I've done roughnecking in the gulf of mexico, construction in minnesota, and salt mining on the moons of naboo... i'm down for whatever ya'll throw at me.


----------



## susan (Jul 25, 2009)

lol Iraq sounds like west TX in the summer time lol minus someone trying to kill you of course.  If you guys wanna work where they shoot at you then over there is a great place to work.  Me I am a big chicken and wanna stay here where not everyone wants to kill me just a third lol.... good luck on all your endevers.


----------



## JTM (Jul 25, 2009)

susan said:


> lol Iraq sounds like west TX in the summer time lol minus someone trying to kill you of course.  If you guys wanna work where they shoot at you then over there is a great place to work.  Me I am a big chicken and wanna stay here where not everyone wants to kill me just a third lol.... good luck on all your endevers.

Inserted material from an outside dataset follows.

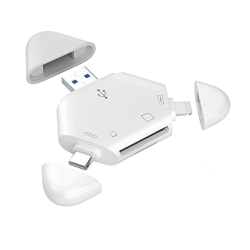 SD-kortläsare, 3-i-1 minneskortläsare för Iphone/ipad, USB C och USB A-enheter, Trail Camera Viewer-kortadapter kompatibel med Windows, Mac Os,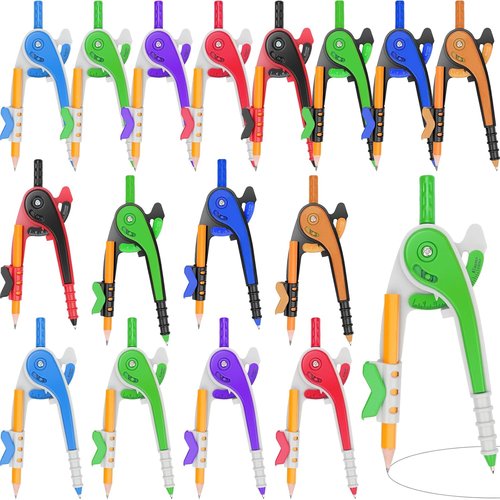 Skiennix 16 PCS Math Compass Set - 6 Inch Plastic Drawing Compass with Pencils for Geometry and Art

for a young man of 24, this sounds like the adventure of a lifetime.  there's no way i could pass up an opportunity like that.  if only i could get it.


----------



## susan (Jul 26, 2009)

You are right and when I was in my early twenties I would have been saying EXACTLY what you are now ....so my friend I wish you all the luck in the world.  I do have advice though.  Whatever country you go to learn a few customs before you get there....


----------